That is fascinating. thank you for digging out that quote. Maybe I should get into book writing.

> with few business rules. Staff is not composed of advanced object modelers.

That seems dismissive of the people who live day-in-day-out with the problem at hand. In my experience, most people are actually advanced data modelers, but they spend their energy on that on people instead of machines. Makes them less gullible than me but worse at computers, so it's a wash.

> Rich capabilities were never requested. >

When you have to deal with someone else, especially from a different department or outside team, that you don't trust, revealing your rich inner data model of the situation at hand is not only not to your benefit, but often to your detriment. Especially with a history of IT projects not landing or going wrong.

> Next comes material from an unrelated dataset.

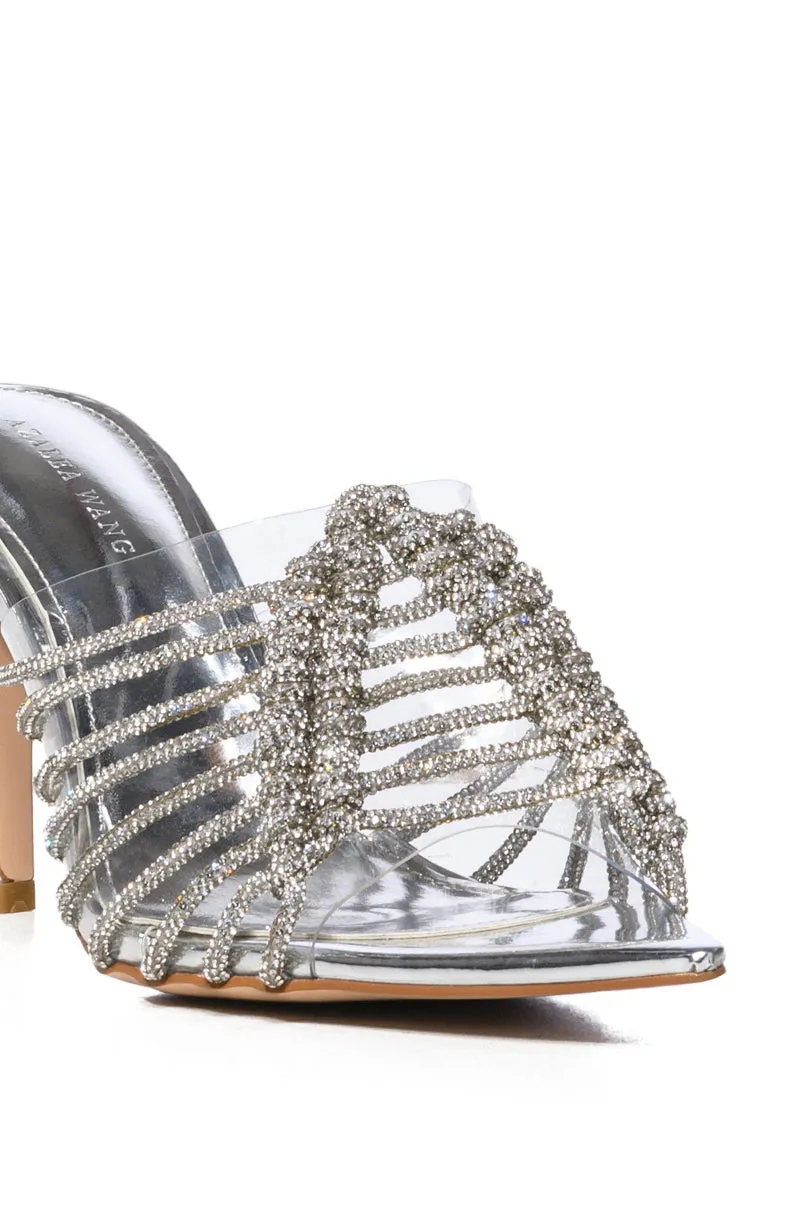 AZALEA WANG VERITY SILVER SPARKLE SANDAL sold by AKIRA product image thumbnail 5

You're not getting those rich requests because you (well, the quoted author) isn't being trusted.

The advice is good, but dated. What do vibecoders who hit the wall need? Teaching people that wanna learn SQl has gotten a lotta people rich. Lemme talk to a thousand of the people vibecoding appa and lemme write their book. (After reading that book from 2003.)

I suspect that vibe coders who hit a wall need the same thing that programmers from 2003 who hit a wall needed. Talk to the business people, get an understanding of their domain and the problem at hand, and model that as a series of anthropomorphic objects that encode the business rules in the language that the domain experts already used (tweaked by the need for disambiguation and clarity). Back in the day, this was software design, a distinct skill (and often job!) from computer programming.

I'd love to read your book, if you write it. Anybody who's talked to a thousand people trying to solve the same problems will have an amazing perspective and a lot to teach.